Global Modeling and Assimilation Office
NASA Goddard Space Flight Center
Last Updated: May 27 2011
Title: Optimal Sensor Placement for Data Assimilations
Authors: LIANG XU (Marine Meteorology Division, Naval Research
Laboratory, Monterey, CA, USA)
Wei Kang (Naval Postgraduate School, Monterey, CA, USA)
We explore the theoretical framework as well as the associated algorithms for the problem of optimally placing mobile observation platforms to maximize the improvement of forecasts. The current adjoint based observation monitor system can provide the observation impact only after the fact. A comprehensive solution to the planning of optimal sensor placement is still an open problem.

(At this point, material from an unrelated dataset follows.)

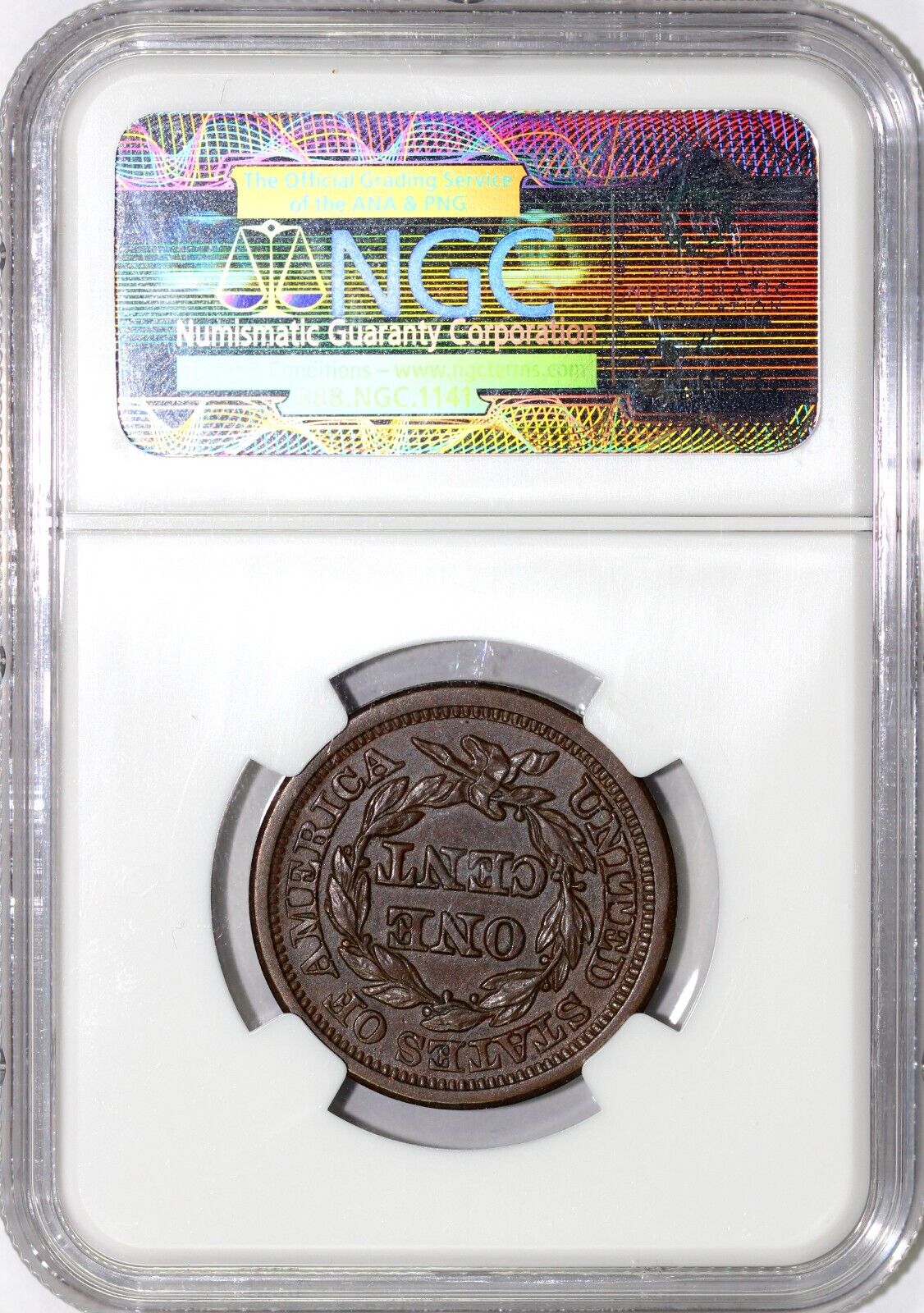 1853 1c N-24 Braided Hair Large Cent NGC MS 61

The approach in this paper is based on the concept of observability, which is a quantitative measure of the information provided by sensor data and user-knowledge. The observability can be numerically computed based on the system's dynamic model. It provides the cost function for the optimization of sensor locations. The Burgers equation is used to verify this approach. In the computation, the system's observability is numerically approximated using empirical covariance matrix method. The observabiltiy is maximized using gradient projection method to find the optimal sensor location. To prove the optimality of the method, Monte Carlo simulations are carried out using standard 4DVAR algorithms based on two sets of data, one from equally spaced sensors and the other from the optimal sensor location. The results show that, relative to equally spaced sensors, the 4DVAR data assimilation achieves significantly improved estimation accuracy if the sensors are placed at the optimal location. Robustness study is also carried out in which the error covariance matrix is varied by 50% and the senor noise covariance matrix is varied by 100%. In both cases, the optimal sensor location results in improved estimation accuracy. To conclude, the optimal sensor placement is able to significantly improve the atmospheric analysis. The concept of observability is a fundamental property of the system that does not rely on the choice of the data assimilation system to be used. For future research, optimal sensor path planning will be developed using the same concept of observability.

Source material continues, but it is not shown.